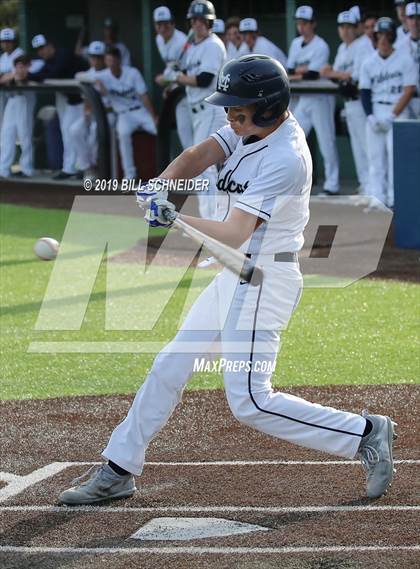Thumbnail 2 in Ukiah @ Marin Catholic (CIF NCS D2 Quarterfinal) photogallery.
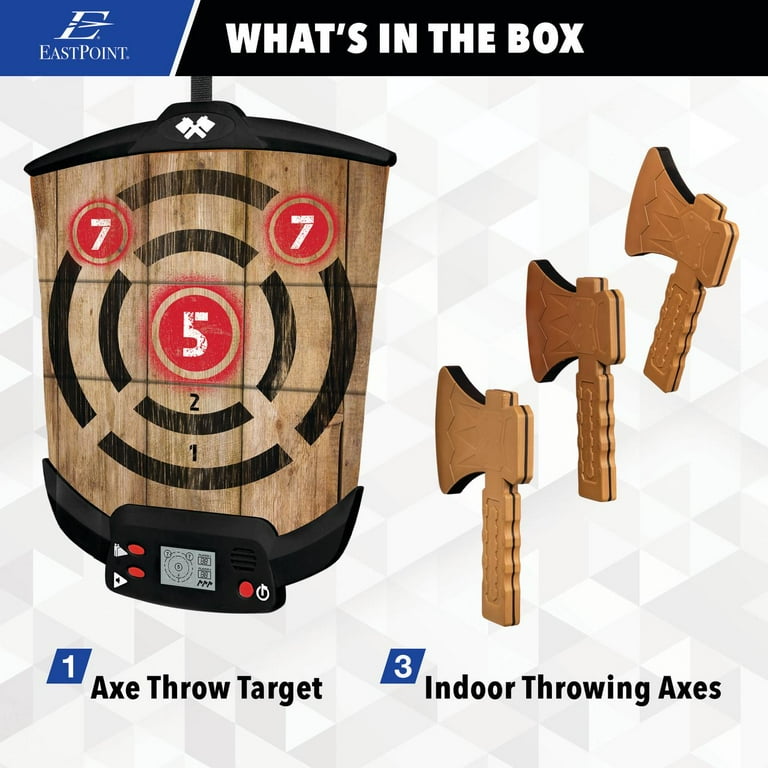 EastPoint Sports Axe Throwing Target Toss Game - Walmart.com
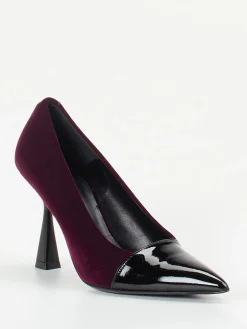 – High Heels aus Lack- und Veloursleder*Konstantin Starke Best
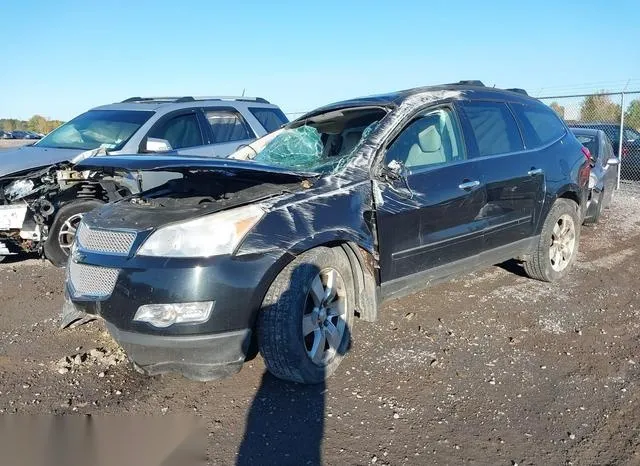 1GNKVLEDXCJ179709 2012 2012 Chevrolet Traverse- Ltz 2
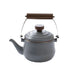 BareBones Enamel Teapot - Slate Gray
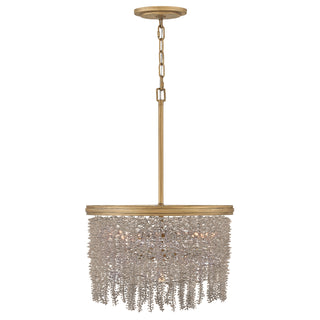 Fredrick Ramond - FR41493BNG-LA - LED Convertible Semi-Flush Mount - Rubina - Burnished Gold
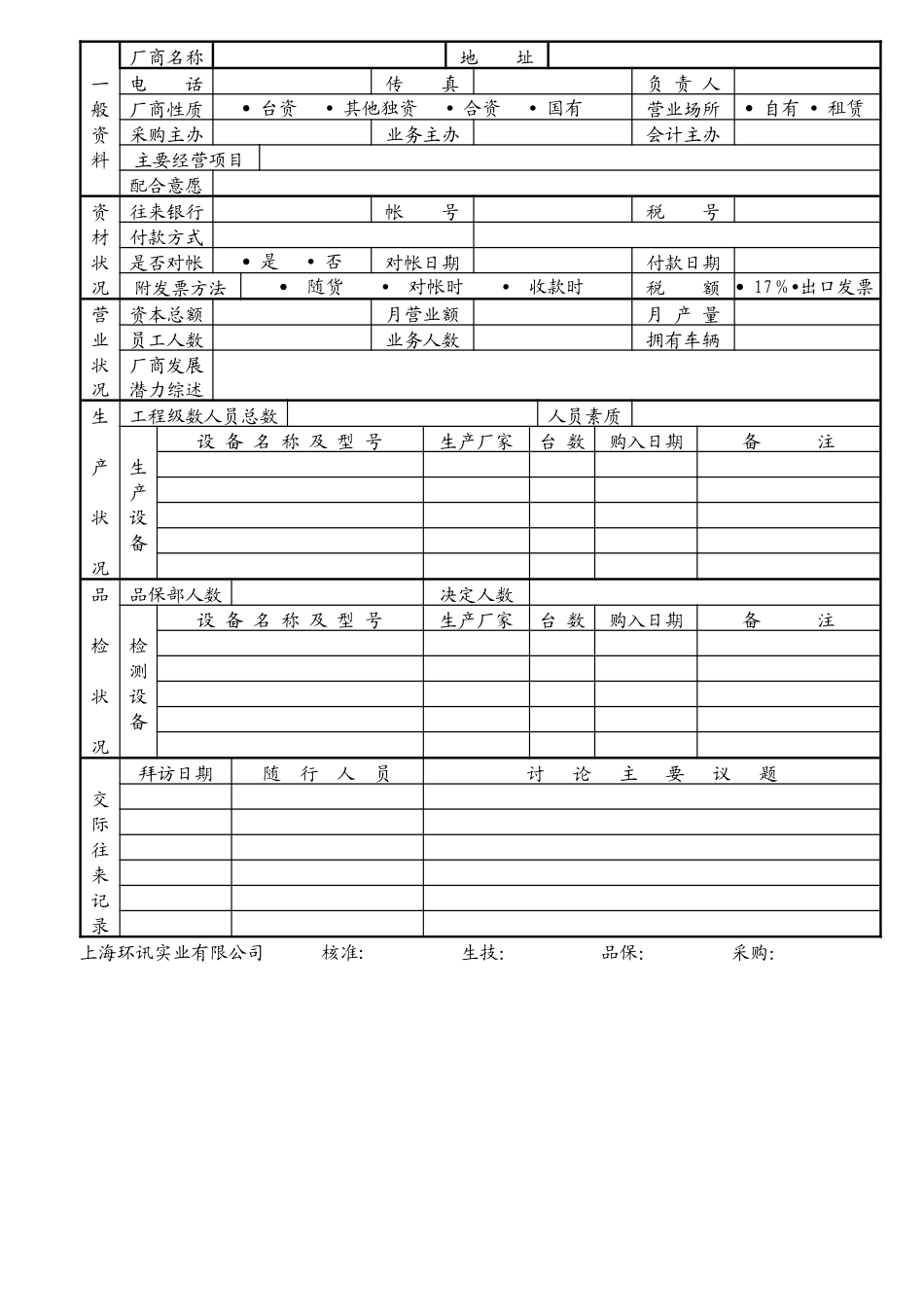 某公司供应商管制程序_第3页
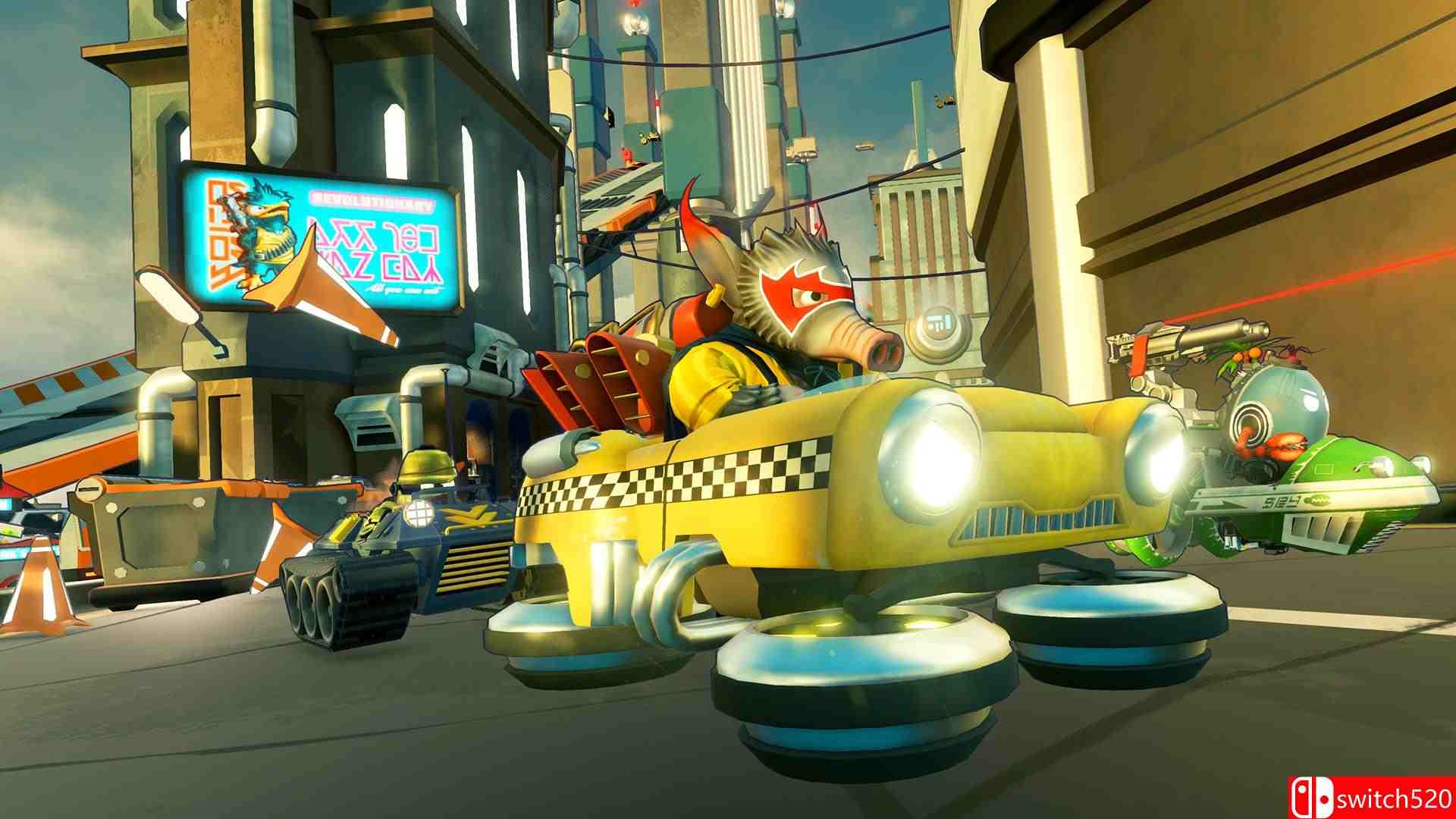 《星际尘埃竞速（Obliteracers）》CODEX破解版[EN]_2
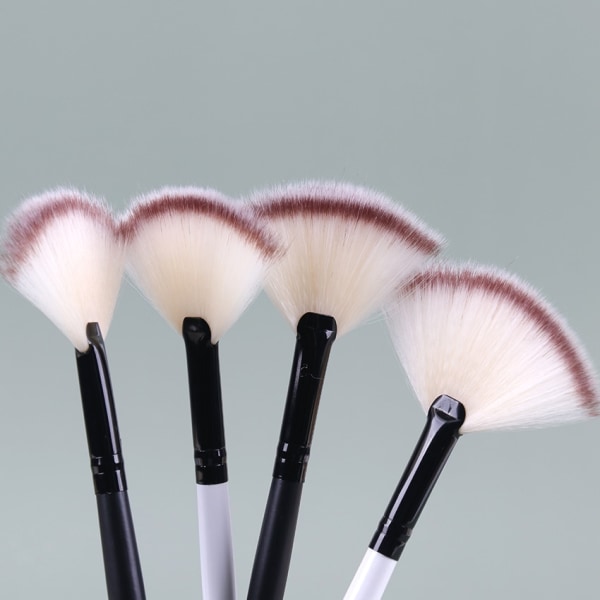 1 stk Makeup Tools Ventilatorformet makeup børste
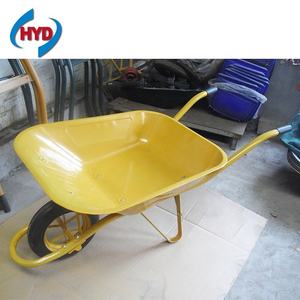 <span class=keywords><strong>Brouette</strong></span> promotionnelle robuste en acier à double roues pour matériaux de construction, idéale pour le transport de sable et de terre - Product Image 3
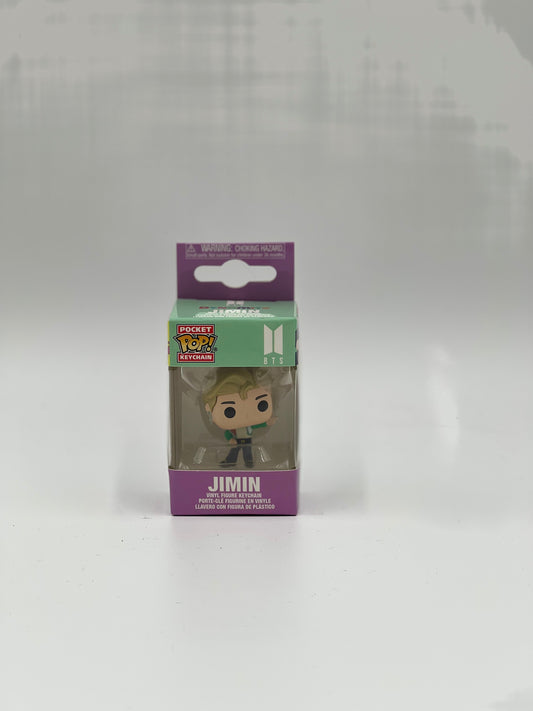 Pocket Pop! Keychain BTS Dynamite Jimin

# Exercise prompt:
All entries above must be repeated exactly; pictures are to be left out.

# Exercise output:
Thumbnail 2 in Ukiah @ Marin Catholic (CIF NCS D2 Quarterfinal) photogallery.
 EastPoint Sports Axe Throwing Target Toss Game - Walmart.com
 – High Heels aus Lack- und Veloursleder*Konstantin Starke Best
 1GNKVLEDXCJ179709 2012 2012 Chevrolet Traverse- Ltz 2
 BareBones Enamel Teapot - Slate Gray
 Fredrick Ramond - FR41493BNG-LA - LED Convertible Semi-Flush Mount - Rubina - Burnished Gold
 某公司供应商管制程序_第3页
 《星际尘埃竞速（Obliteracers）》CODEX破解版[EN]_2
 1 stk Makeup Tools Ventilatorformet makeup børste
 <span class=keywords><strong>Brouette</strong></span> promotionnelle robuste en acier à double roues pour matériaux de construction, idéale pour le transport de sable et de terre - Product Image 3
 Pocket Pop! Keychain BTS Dynamite Jimin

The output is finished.